The availability of data is the major bottleneck is blog based analysis. Methodologies are fairly standard, but weight and credence to any conclusions only comes with increased sample size. It is fairly easy to develop a novel methodology, but the limited data can still make you look dumb.

Back in the day, shot attempts and outcome was the limit of the data, but the the volume of the data, stretching over seasons and, in the case of keepers, their longevity, still made analysis possible, if with a slightly wider error bar attached. Increased shot volume, it was hoped would even out issues of shot and chance quality, that did not exist to such as degree in either the controlled pitcher/batter contest in baseball or the more restricted playing area of hockey.

 I don't have an MLS photo.

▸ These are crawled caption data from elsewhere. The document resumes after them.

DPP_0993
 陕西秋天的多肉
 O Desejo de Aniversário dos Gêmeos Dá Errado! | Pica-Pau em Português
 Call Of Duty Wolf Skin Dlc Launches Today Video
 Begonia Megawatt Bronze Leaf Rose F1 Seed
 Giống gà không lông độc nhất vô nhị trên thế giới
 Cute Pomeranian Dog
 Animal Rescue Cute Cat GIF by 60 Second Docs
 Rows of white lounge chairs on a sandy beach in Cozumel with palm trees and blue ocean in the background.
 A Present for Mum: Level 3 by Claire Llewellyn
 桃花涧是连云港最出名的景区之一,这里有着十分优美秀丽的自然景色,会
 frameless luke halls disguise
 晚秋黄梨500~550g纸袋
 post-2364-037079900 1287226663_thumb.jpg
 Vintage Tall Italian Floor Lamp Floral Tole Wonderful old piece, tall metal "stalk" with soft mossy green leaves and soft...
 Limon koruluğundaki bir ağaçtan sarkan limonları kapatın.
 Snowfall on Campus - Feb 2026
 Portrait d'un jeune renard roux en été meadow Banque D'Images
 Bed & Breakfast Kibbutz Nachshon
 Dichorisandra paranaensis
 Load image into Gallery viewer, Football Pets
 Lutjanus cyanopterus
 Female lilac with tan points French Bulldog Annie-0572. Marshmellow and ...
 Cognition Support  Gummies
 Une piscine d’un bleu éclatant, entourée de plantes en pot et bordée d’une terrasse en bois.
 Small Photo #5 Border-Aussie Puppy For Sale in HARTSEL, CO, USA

Instead here's Clint Dempsey celebrating Sounders' Interest (and a Goal against Stoke).
Nowadays, the still flawed gold standard from blogging shot analysis is data with x,y co ordinates, but often devoid of even the tiniest hint of defensive pressure, except in the most dedicated of collectors. Which is why the MLS data dump at American Soccer Analysis is so welcome. It improves greatly on shot data of the past by partly bridging the gap to professionally collected and protected data with the subdivision of shots into zones. Usually, slicing and dicing sample size leads to noise and over fitting, but ASA's venture may sacrifice sample size, but greatly increase uniformity of events within those smaller samples.

Applying one of my shooting analysis methods to ASA's improved data was therefore both sensible and a nostalgic treat. Broadly, this method assumes that shot outcome is common to each MLS team and centered around the league average. Any apparent deviation in shot accuracy percentage or conversion (and there is bound to be some) is going to be down to random variation and a talent gap in performing these tasks between sides. Quality of opportunity is hopefully controlled by ASA's use of shooting zones. So if we see a wider range of outcomes in the attempts each side made, compared to a random draw using league averages, we can possibly conclude that random variation isn't the only factor at work in deciding the shooting pecking order.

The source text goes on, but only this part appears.